Try it
When you find the line with "Bandai - Wonderbaarlijk" among the records below, reproduce it and each line after it exactly, ending with the line with "maraqla qarşılanıb (FOTO)".

Data provided
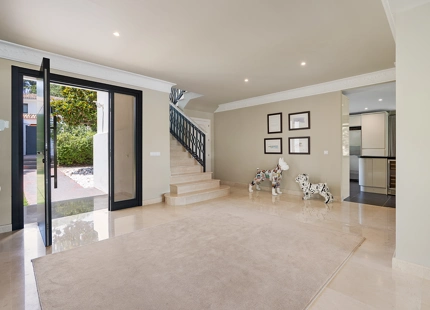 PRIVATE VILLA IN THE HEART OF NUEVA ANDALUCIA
--
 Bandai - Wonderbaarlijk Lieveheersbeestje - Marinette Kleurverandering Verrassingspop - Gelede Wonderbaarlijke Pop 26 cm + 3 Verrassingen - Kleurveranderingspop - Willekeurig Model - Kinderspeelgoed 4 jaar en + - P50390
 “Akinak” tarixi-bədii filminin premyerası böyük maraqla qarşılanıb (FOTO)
* * *
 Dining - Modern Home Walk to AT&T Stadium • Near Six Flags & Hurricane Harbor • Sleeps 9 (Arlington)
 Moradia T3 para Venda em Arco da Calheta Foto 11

Result of this task
 Bandai - Wonderbaarlijk Lieveheersbeestje - Marinette Kleurverandering Verrassingspop - Gelede Wonderbaarlijke Pop 26 cm + 3 Verrassingen - Kleurveranderingspop - Willekeurig Model - Kinderspeelgoed 4 jaar en + - P50390
 “Akinak” tarixi-bədii filminin premyerası böyük maraqla qarşılanıb (FOTO)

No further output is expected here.